Leaked documents from the XDK mentions "Always On, Always Connected", leading some to conclude that the Xbox 720, codenamed Durango, will use "always-online" DRM
Image/Photo Credit: Microsoft
Leaked screenshots from the Xbox 720 development kit shows that Microsoft's next console, codenamed Durango, will indeed feature a Blu-ray drive, but also uses the phrase "Always On, Always Connected", leading many to believe that "always-on" DRM may be deployed for the new console.
VGLeaks was first to show off captured screenshots from the Durango XDK, which features a hardware overview document that goes through some of the expected new features of the console.
A new "high-fidelity" Kinect sensor will be included, which features better depth sensing technology, and the use of active infrared illumination will allow gameplay in low light conditions. One of the biggest complaint about the current Kinect system is its room size requirement, but the new Kinect will use a wider field of view to reduce this requirement, and do away with the need for a tilt motor.
A Blu-ray drive will be included, but the document makes it clear that games will not run off Blu-ray discs, suggesting a mandatory hard-drive install for all games (with a suitably large HDD being included to hold a "large number of games"). The document does not make clear whether Blu-ray movies will be playable on the console.

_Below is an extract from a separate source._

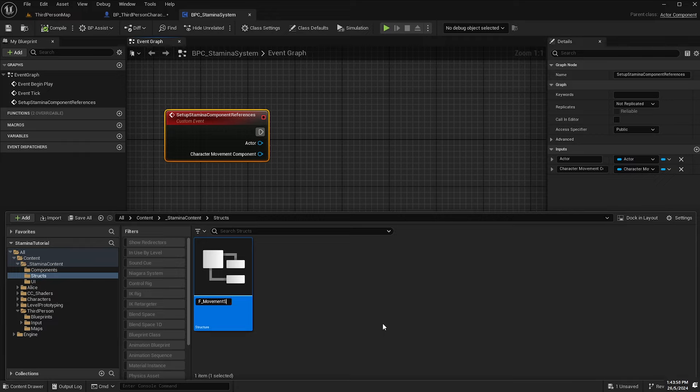Back in our stamina system, we can add a new input argument and from the dropdown select the structure we just created — type in 'F_Movement' and there's our struct — and name that 'MovementSpeeds'. The reason I created a struct for movement speeds instead of just two float variables is because normally I'd have many more different types of speeds: crouching, aiming down sights, prone movement, swimming movement. This is a way to keep it all neat and tidy in one container.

And confirming previous leaks, the new Xbox will have what's called an "always-on" mode, in which the console is in a powered up state at all times (with minimal power draws in "standby" mode) to allow for an almost instant boot-up. This latest document also states that a constant network connection will be maintained, suggesting background software updates and downloads.

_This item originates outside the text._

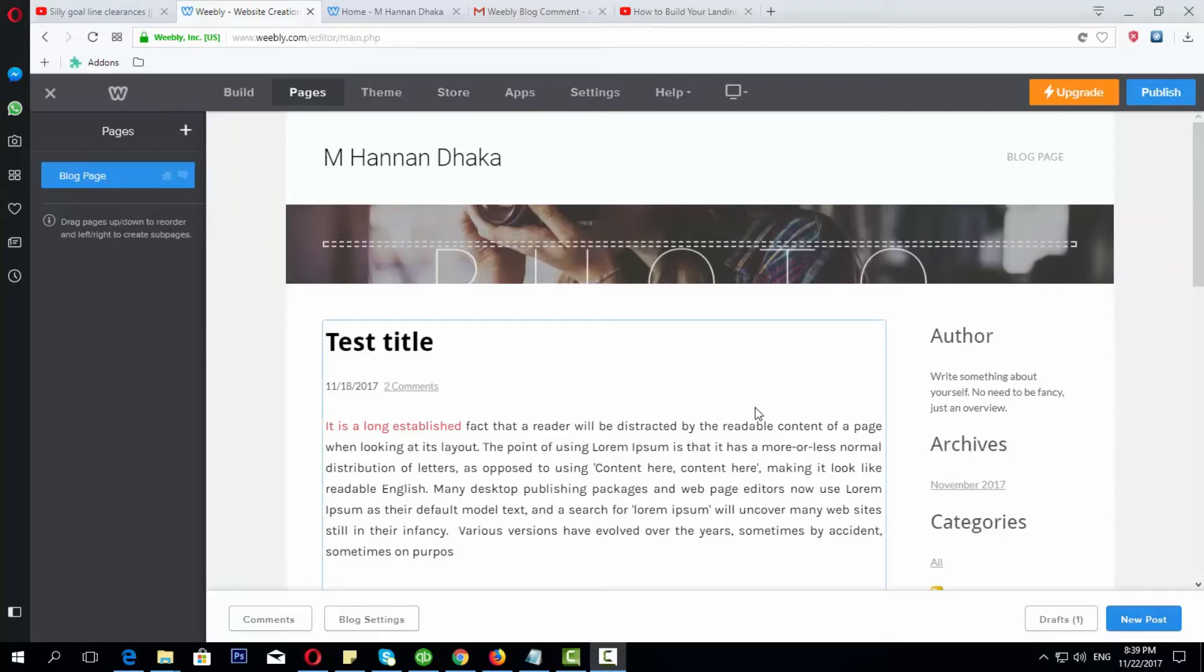Welcome to this tutorial. Today we will see that we have a home page and our website is landing page.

It's these last two points, the HDD-only loading of games and a constant Internet connection, that have led some to conclude that the Xbox 720 will use an "always-on" DRM for game authentication, and to further conclude that second hand games will not be allowed. Certainly, some kind of system will have to be in place to prevent people installing a game from a disc, and then selling the disc.
But the document does not go into details regarding the "Always On, Always Connected" feature and how it relates to authentication, so any DRM speculation at the moment is just that, speculation.